Task instructions: Without the images, print every line of the material below exactly as given.

BEGIN Supplied information

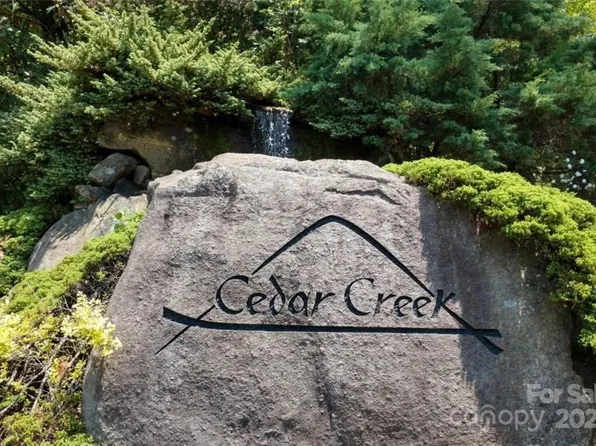 135 Mountaintop Pkwy #19, Lake Lure, NC 28746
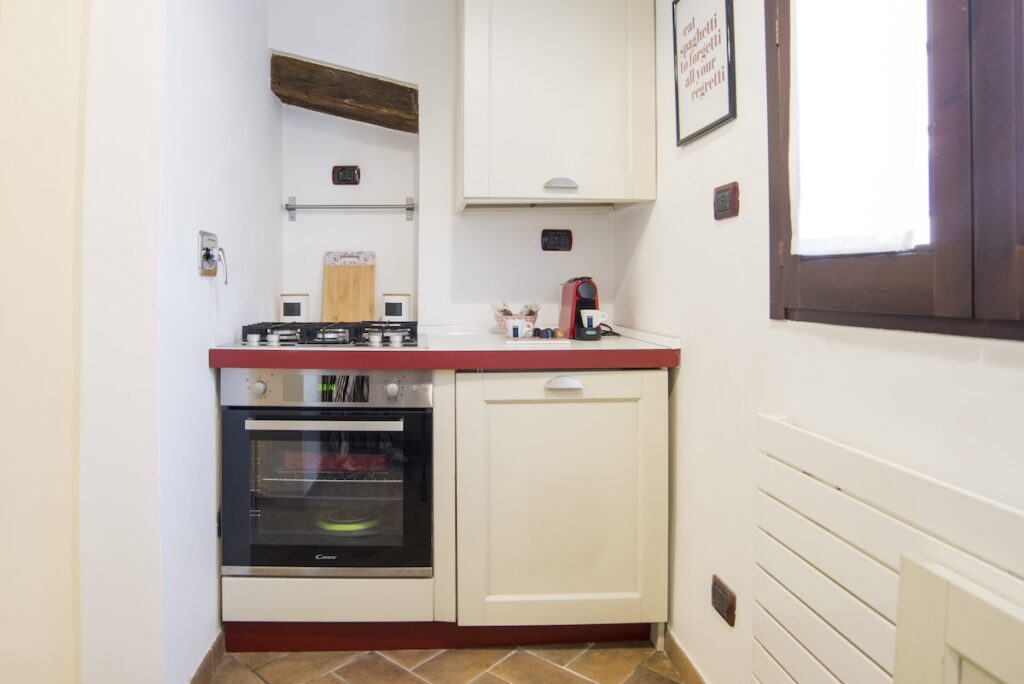 rome-apartment-monti-cacio-pepe-int.15_28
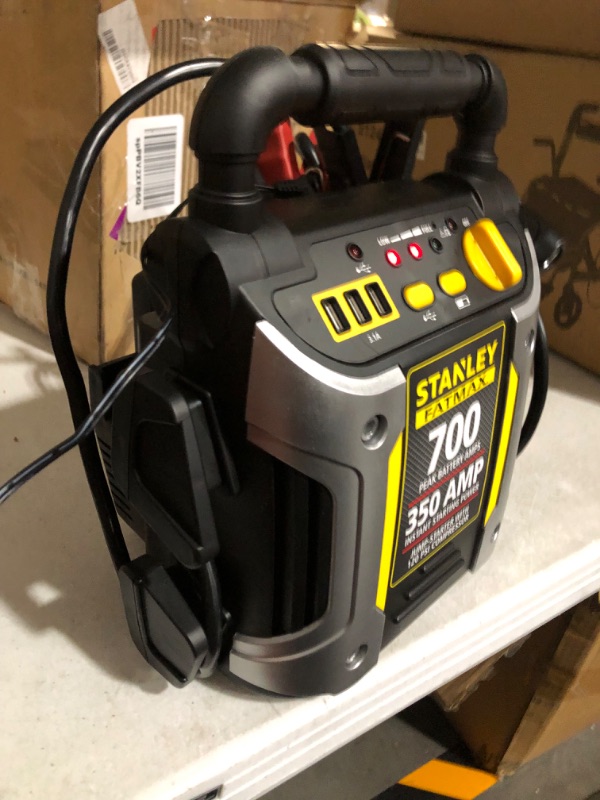 Photo 3 of * does not hold charge * sold for parts/repair *
STANLEY FATMAX J7CS Portable Power Station Jump Starter: 700 Peak/350 Instant Amps, 120 PSI Air Compressor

END Supplied information

Solution for this problem:
 135 Mountaintop Pkwy #19, Lake Lure, NC 28746
 rome-apartment-monti-cacio-pepe-int.15_28
 Photo 3 of * does not hold charge * sold for parts/repair *
STANLEY FATMAX J7CS Portable Power Station Jump Starter: 700 Peak/350 Instant Amps, 120 PSI Air Compressor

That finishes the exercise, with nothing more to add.